Police arrested the suspected gunman at the scene of an attack that shocked many in Japan, which is one of the world’s safest nations and has some of the strictest gun control laws anywhere.

Prime Minister Fumio Kishida and his Cabinet ministers hastily returned to Tokyo from campaign events around the country after the shooting, which he called “dastardly and barbaric.” He pledged to carry out Sunday’s parliamentary elections as planned.

Nara Medical University emergency department chief Hidetada Fukushima said Abe suffered major damage to his heart in addition to two neck wounds that damaged an artery, causing extensive bleeding. He was in a state of cardio and pulmonary arrest when he arrived at the hospital and never regained his vital signs, Fukushima said.

Abe was Japan’s longest-serving leader before stepping down in 2020.

This aerial photo shows the scene of gunshots in Nara, western Japan Friday, July 8, 2022. Japan’s former Prime Minister Shinzo Abe was in heart failure after apparently being shot during a campaign speech Friday in western Japan, NHK public television said Friday. (Kyodo News via AP)(Kyodo News via AP)

Public television NHK aired a dramatic video of Abe giving a speech outside a train station in the western city of Nara. He is standing, dressed in a navy blue suit, raising his fist, when two gunshots are heard. The video then shows Abe collapsed on the street, with security guards running toward him. He holds his chest, his shirt smeared with blood.

In the next moment, security guards leap on top of a man in gray shirt who lies face down on the pavement. A double-barreled device that appeared to be a handmade gun is seen on the ground.

Nara prefectural police confirmed the arrest of Tetsuya Yamagami, 41, on suspicion of attempted murder. They said an explosives team raided the suspect’s home to gather evidence. NHK reported that the suspect served in Japan’s navy for three years in the 2000s and that he said he wanted to kill Abe because he had complaints that were not related to political views.

Other videos from the scene showed campaign officials surrounding Abe. The former leader was still highly influential in the governing Liberal Democratic Party and headed its largest faction, Seiwakai. Elections for Japan’s upper house, the less powerful chamber of its parliament, are Sunday.

People react after gunshots in Nara, western Japan Friday, July 8, 2022. Japan’s former Prime Minister Shinzo Abe was in heart failure after apparently being shot during a campaign speech Friday in western Japan, NHK public television said Friday. (Kyodo News via AP)

“I use the harshest words to condemn (the act),” Kishida said as he struggled to control his emotions. He said the government planned to review the security situation, but added that Abe had the highest protection.

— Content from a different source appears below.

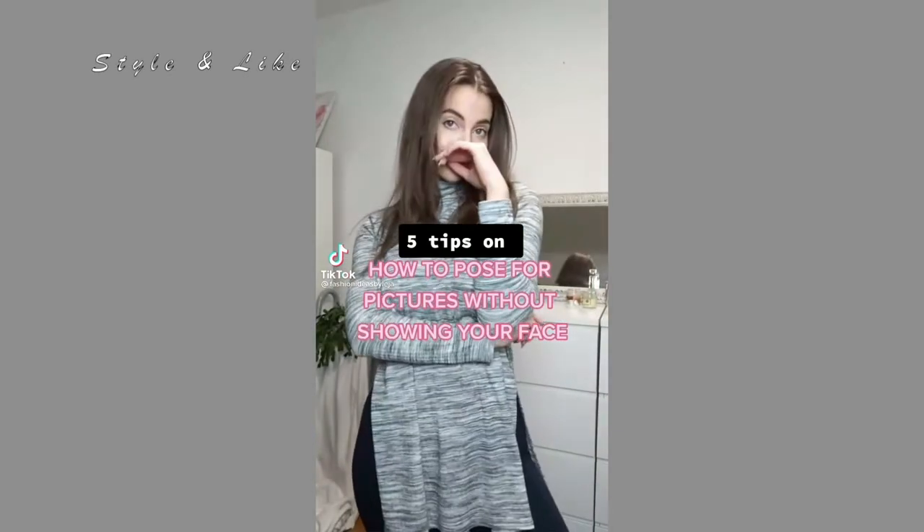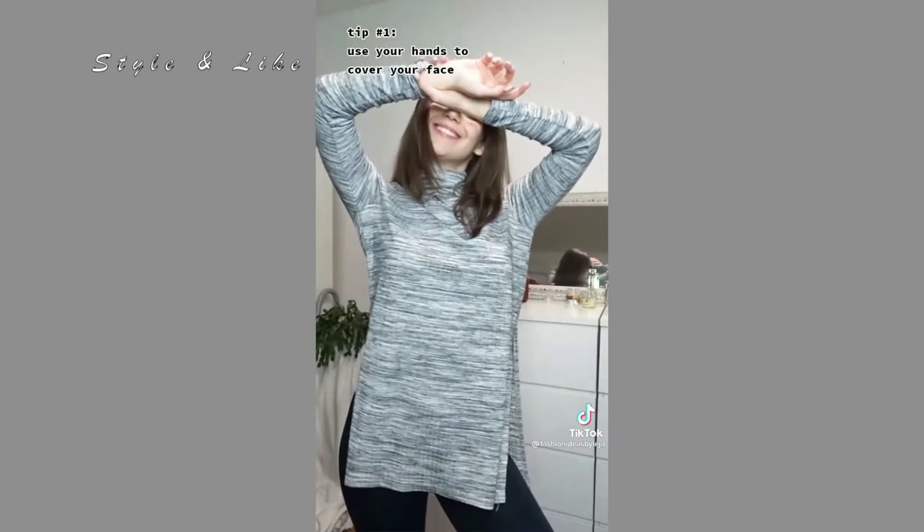Here are my favorite ways to pose for a picture without showing your face. Tip number one: use your hands and cover your face.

Opposition leaders condemned the attack as a challenge to Japan’s democracy. In Tokyo, people stopped on the street to grab extra editions of newspapers or watch TV coverage of the shooting.

When he resigned as prime minister, Abe said he had a recurrence of the ulcerative colitis he’d had since he was a teenager.

He told reporters at the time that it was “gut wrenching” to leave many of his goals unfinished. He spoke of his failure to resolve the issue of Japanese abducted years ago by North Korea, a territorial dispute with Russia and a revision of Japan’s war-renouncing constitution.

That last goal was a big reason he was such a divisive figure.

An employee distributes extra editions of the Yomiuri Shimbun newspaper reporting on Japan’s former Prime Minister Shinzo Abe was shot, Friday, July 8, 2022, in Tokyo. Former Japanese Prime Minister Shinzo Abe, a divisive arch-conservative and one of his nation’s most powerful and influential figures, has died after being shot during a campaign speech Friday in western Japan, hospital officials said. (AP Photo/Eugene Hoshiko)

His ultra-nationalism riled the Koreas and China, and his push to create what he saw as a more normal defense posture angered many Japanese. Abe failed to achieve his cherished goal of formally rewriting the U.S.-drafted pacifist constitution because of poor public support.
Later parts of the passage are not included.